Task item:
Take the records below from their first line to the line with "Küçük Hikayeler: Tilki", and restate those lines word for word.
☆ ☆ ☆ ☆ ☆
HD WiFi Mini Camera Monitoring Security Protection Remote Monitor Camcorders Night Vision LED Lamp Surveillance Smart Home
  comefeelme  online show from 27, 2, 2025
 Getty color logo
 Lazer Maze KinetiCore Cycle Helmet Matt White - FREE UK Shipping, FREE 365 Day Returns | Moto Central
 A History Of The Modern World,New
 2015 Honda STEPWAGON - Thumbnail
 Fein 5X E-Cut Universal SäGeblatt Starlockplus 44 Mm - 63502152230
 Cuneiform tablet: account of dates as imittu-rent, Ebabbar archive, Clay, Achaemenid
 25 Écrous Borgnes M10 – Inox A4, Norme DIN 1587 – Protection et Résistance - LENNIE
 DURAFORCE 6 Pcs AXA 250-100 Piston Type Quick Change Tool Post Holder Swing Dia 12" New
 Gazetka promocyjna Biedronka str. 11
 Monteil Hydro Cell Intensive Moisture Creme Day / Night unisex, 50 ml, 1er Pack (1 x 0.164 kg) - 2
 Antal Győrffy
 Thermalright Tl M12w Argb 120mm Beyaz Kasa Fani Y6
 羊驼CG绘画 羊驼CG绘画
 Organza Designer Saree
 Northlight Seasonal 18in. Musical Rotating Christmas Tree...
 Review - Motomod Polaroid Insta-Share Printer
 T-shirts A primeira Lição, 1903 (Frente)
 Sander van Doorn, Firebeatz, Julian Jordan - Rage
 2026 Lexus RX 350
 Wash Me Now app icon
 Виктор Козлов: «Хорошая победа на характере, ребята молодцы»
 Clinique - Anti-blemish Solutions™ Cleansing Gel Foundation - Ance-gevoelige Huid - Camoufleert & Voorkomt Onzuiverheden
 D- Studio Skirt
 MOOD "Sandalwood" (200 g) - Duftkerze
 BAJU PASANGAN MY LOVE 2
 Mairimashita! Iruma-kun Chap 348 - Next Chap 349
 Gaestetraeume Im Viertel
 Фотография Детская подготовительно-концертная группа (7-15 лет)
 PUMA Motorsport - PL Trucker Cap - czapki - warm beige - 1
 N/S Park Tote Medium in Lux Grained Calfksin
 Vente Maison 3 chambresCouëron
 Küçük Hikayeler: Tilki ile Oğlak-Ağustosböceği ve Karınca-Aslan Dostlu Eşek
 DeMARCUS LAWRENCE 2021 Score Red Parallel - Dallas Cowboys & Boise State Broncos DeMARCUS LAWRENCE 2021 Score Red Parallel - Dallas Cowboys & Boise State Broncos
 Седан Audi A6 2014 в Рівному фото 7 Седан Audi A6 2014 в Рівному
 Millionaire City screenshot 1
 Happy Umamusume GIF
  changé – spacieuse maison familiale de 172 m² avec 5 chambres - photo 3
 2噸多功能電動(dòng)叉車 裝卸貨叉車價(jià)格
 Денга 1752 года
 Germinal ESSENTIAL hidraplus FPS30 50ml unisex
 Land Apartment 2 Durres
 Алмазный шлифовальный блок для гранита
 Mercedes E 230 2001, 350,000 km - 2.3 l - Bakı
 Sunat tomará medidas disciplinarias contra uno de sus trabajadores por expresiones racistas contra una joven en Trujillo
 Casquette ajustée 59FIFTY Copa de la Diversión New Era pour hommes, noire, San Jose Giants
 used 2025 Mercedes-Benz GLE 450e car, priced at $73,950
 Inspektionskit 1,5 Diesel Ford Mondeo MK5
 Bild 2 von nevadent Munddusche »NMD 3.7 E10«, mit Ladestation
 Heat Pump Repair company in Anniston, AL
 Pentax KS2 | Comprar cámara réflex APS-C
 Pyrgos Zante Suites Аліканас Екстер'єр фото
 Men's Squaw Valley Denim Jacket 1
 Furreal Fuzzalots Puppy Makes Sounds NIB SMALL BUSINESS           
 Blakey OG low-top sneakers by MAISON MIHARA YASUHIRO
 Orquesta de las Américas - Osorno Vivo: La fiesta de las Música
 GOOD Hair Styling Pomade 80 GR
☆ ☆ ☆ ☆ ☆
Finished exercise:
HD WiFi Mini Camera Monitoring Security Protection Remote Monitor Camcorders Night Vision LED Lamp Surveillance Smart Home
  comefeelme  online show from 27, 2, 2025
 Getty color logo
 Lazer Maze KinetiCore Cycle Helmet Matt White - FREE UK Shipping, FREE 365 Day Returns | Moto Central
 A History Of The Modern World,New
 2015 Honda STEPWAGON - Thumbnail
 Fein 5X E-Cut Universal SäGeblatt Starlockplus 44 Mm - 63502152230
 Cuneiform tablet: account of dates as imittu-rent, Ebabbar archive, Clay, Achaemenid
 25 Écrous Borgnes M10 – Inox A4, Norme DIN 1587 – Protection et Résistance - LENNIE
 DURAFORCE 6 Pcs AXA 250-100 Piston Type Quick Change Tool Post Holder Swing Dia 12" New
 Gazetka promocyjna Biedronka str. 11
 Monteil Hydro Cell Intensive Moisture Creme Day / Night unisex, 50 ml, 1er Pack (1 x 0.164 kg) - 2
 Antal Győrffy
 Thermalright Tl M12w Argb 120mm Beyaz Kasa Fani Y6
 羊驼CG绘画 羊驼CG绘画
 Organza Designer Saree
 Northlight Seasonal 18in. Musical Rotating Christmas Tree...
 Review - Motomod Polaroid Insta-Share Printer
 T-shirts A primeira Lição, 1903 (Frente)
 Sander van Doorn, Firebeatz, Julian Jordan - Rage
 2026 Lexus RX 350
 Wash Me Now app icon
 Виктор Козлов: «Хорошая победа на характере, ребята молодцы»
 Clinique - Anti-blemish Solutions™ Cleansing Gel Foundation - Ance-gevoelige Huid - Camoufleert & Voorkomt Onzuiverheden
 D- Studio Skirt
 MOOD "Sandalwood" (200 g) - Duftkerze
 BAJU PASANGAN MY LOVE 2
 Mairimashita! Iruma-kun Chap 348 - Next Chap 349
 Gaestetraeume Im Viertel
 Фотография Детская подготовительно-концертная группа (7-15 лет)
 PUMA Motorsport - PL Trucker Cap - czapki - warm beige - 1
 N/S Park Tote Medium in Lux Grained Calfksin
 Vente Maison 3 chambresCouëron
 Küçük Hikayeler: Tilki ile Oğlak-Ağustosböceği ve Karınca-Aslan Dostlu Eşek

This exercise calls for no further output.